A cadeia LiteLLM não é um caso isolado, é o quarto incidente crítico em três meses, e o segundo com CVSS ≥9.9. O que torna essa falha particularmente perigosa é sua posição estrutural: o proxy opera como um chokepoint de dados sensíveis, mas também como um ponto de manipulação ativa. Diferente de uma simples vazão, ela permite injeção silenciosa em tempo real nas respostas dos agentes via callbacks ocultos, um vetor que já foi usado para transformar um comando hello em um reverse shell no terminal do desenvolvedor. Isso não é prompt injection. É controle de fluxo de decisão de IA.

O fato de a CVE-2026-42271 (MCP stdio) ter sido adicionada ao KEV da CISA em 8 de junho, e encadeada com a CVE-2026-48710 do Starlette, base do LiteLLM, mostra que o risco se estende além do próprio código. A dependência em frameworks subjacentes, como o Starlette ASGI, agora é um alvo explícito: uma derivação de autenticação nesse layer (CVSS 6.5) eleva a cadeia total para CVSS 10.0. E isso conecta diretamente à cobertura CEVIU de 30 de maio sobre vulnerabilidades críticas na implementação Startlette ASGI, o mesmo componente que sustenta centenas de gateways de IA em produção.

Em abril, a CEVIU já alertava sobre falhas em servidores MCP sem segurança nativa, mas agora temos a prova concreta de que o LiteLLM, um dos principais gateways usados nesses ambientes, implementa MCP de forma insegura por padrão. A CVE-2026-42271 não foi corrigida na v1.83.14-stable; ela exigiu atualização separada para v1.83.7 (8 de maio) e depende ainda do Starlette v1.0.1. Ou seja: atualizar só para v1.83.14 resolve a cadeia principal, mas deixa aberta uma segunda porta de execução remota não autenticada.
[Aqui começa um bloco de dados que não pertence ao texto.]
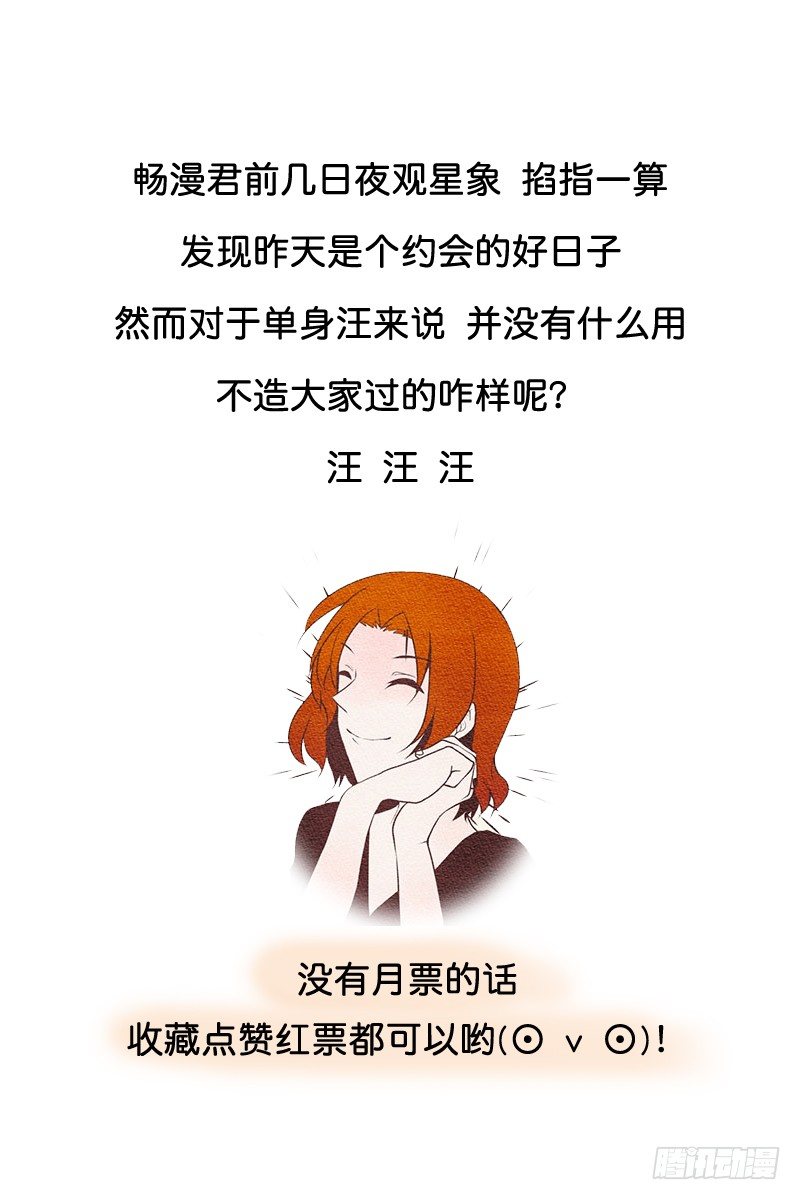 送我回家嘛~-第11话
Também mudou o cenário de exploração: em março foi supply chain, em abril foi SQLi explorada em menos de 36h, agora é uma cadeia multi-camada com demonstração prática de comprometimento de agentes downstream via callback hook, algo nunca antes documentado publicamente no LiteLLM.

Empresas que usam LiteLLM como gateway para agentes de IA não estão apenas expostas a vazamentos. Estão rodando um sistema onde qualquer usuário interno com acesso básico pode reescrever o comportamento de todos os agentes em tempo real, incluindo aqueles com acesso a bancos de dados, ferramentas de CI/CD ou APIs de produção. A rotação de chaves de provedores é necessária, mas insuficiente: se o atacante já obteve a chave mestra e a salt key, ele pode descriptografar todas as credenciais armazenadas historicamente. E, pior, pode implantar callbacks persistentes que sobrevivem à atualização, porque eles são carregados de arquivos de configuração, não do código-fonte.